Prior to my 2013 rebuild of my K2, the #2 cylinder always waited 10-15 seconds to start running (cold) until the other 3 had told it to get with the program. It would run with the choke fully on, but quit as soon as it was cracked open. After it warmed up a minute or so, it was fine.
Then at the rebuild, I installed a [much] later cam, from a K4 with less than 6000 miles on it (mine had lost almost -0.4mm of lift on 2 lobes, intakes both, at 131k miles). The cold start was slightly improved regarding #2, taking only half as long to wake up. But, this has a tradeoff of sorts: it will not pull away smoothly until the engine has run for a full minute, and #2 is always the culprit.
Inside my carbs, the #2 always fills up last.
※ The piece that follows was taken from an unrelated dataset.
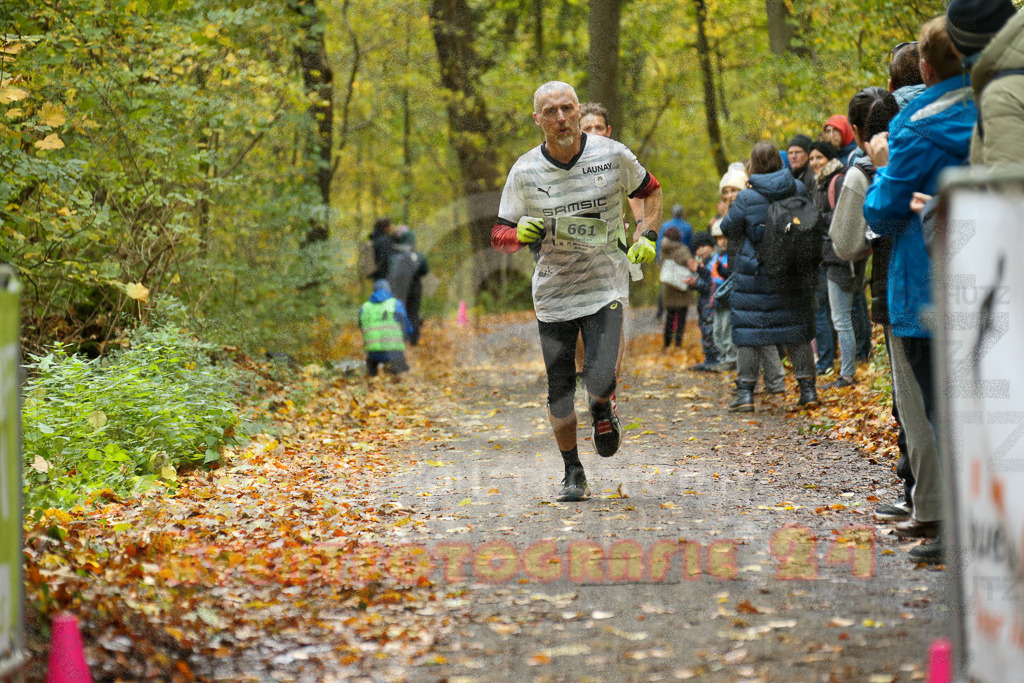 251026_1227_EX1_0409 | Sportfotografie im Rhein-Sieg Kreis, Köln, Bonn, NRW, Rheinland Pfalz, Hessen, etc. Unser Tätigkeitsfeld umfasst den Laufsport vom Volkslauf über den Marathon, Duathlon, Triathon bis zum Ultralauf wie Kölnpfad Ultra oder Schindertrail.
I can remove the float bowls and turn on the fuel, and the 1, 3, 4 carbs immediately dribble while #2 waits about 5-10 seconds (depending on fuel tank level) before dribbling. But, there is a way to make my #2 not do that (nor be cold-blooded): turning the tank's petcock to RESERVE position for cold start and waiting a few seconds, then starting, makes all 4 fire right up. After they will run with the choke off, I turn the petcock to normal run position and it is smooth.
I've witnessed this on a few other 750s I have had in my hands for a long period for full restos, etc. I have noticed in those that the late ones (K5/6) with the single-outlet petcock DON'T exhibit this one-carb-sleepy behavior, but the late ones are much more cold-blooded, requiring almost 2 minutes to pull away smartly from a cold start.
I might also mention: having the needles in the middle clip position doesn't match the mix profile for HM341 exhausts, if yours is running those. The middle position is for more-open pipes like 4-1, 4-2 or HM300 series pipes. This controls the mixture starting point where the slide takes control of the mixing from the pilot jet's hole as the pilot loses the suction. With the more-open pipes this vacuum point moves lower in RPM, so raising the needle to the middle matches that well (hence that setting in the K0/1 bikes). With slightly more restrictive pipes, raising the needle a notch brings the slide's fuel into play a little sooner when the backpressure starts slowing the intake speed down, so the velocity over the pilot jet's hole drops and it's suction falls off sooner - quite suddenly, I might add. Having the needle too high for the slide's opening causes sooty plugs, quickly.
And, the pilot jet's feed is what causes the stumble (or lack of it) when its mix ratio is different from that which comes out of the needle jet, especially when cold. Most of the time today, the pilot jet's screw seat is wider than when the carbs were made (because everyone keeps tightening that screw and the carb bodies are soft...), so the "1-turn" setting of OEM days now requires a slightly less-open value to match the OEM mixture ratios. My own carbs run at 3/4 turn now, 150k+ miles and 50+ years later. This provides the most seamless transition when cold, especially, and provides less carbon fouling of the sparkplugs when riding in traffic.